** SUPPLIED MATERIAL **
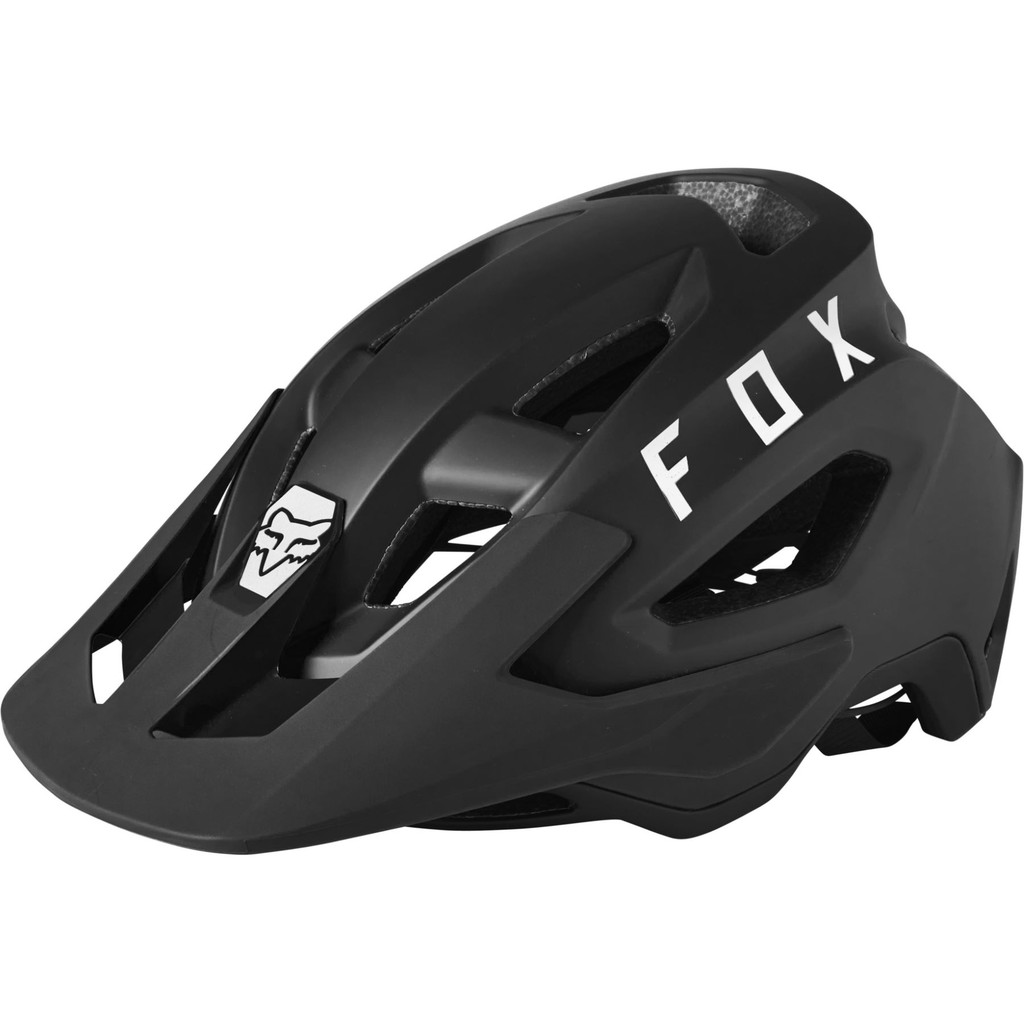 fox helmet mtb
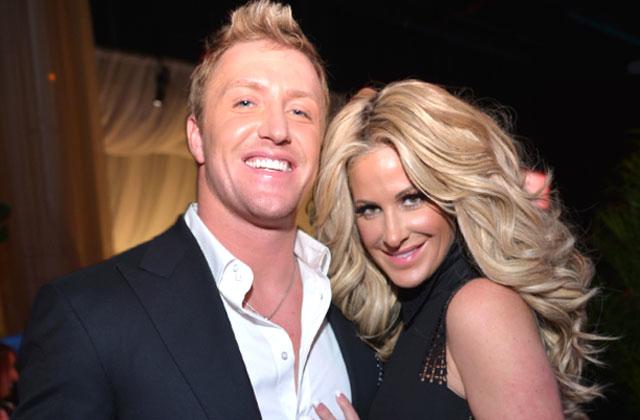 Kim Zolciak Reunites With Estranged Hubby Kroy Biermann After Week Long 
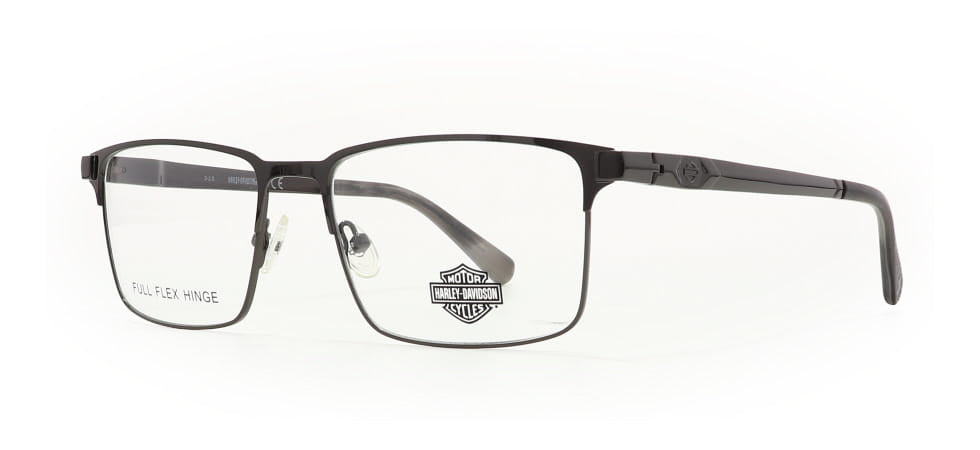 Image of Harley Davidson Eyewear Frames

** WORK TASK **
Write out the whole listing exactly. Pictures stay out.

** OUTPUT OF THE EXERCISE **
 fox helmet mtb
 Kim Zolciak Reunites With Estranged Hubby Kroy Biermann After Week Long 
 Image of Harley Davidson Eyewear Frames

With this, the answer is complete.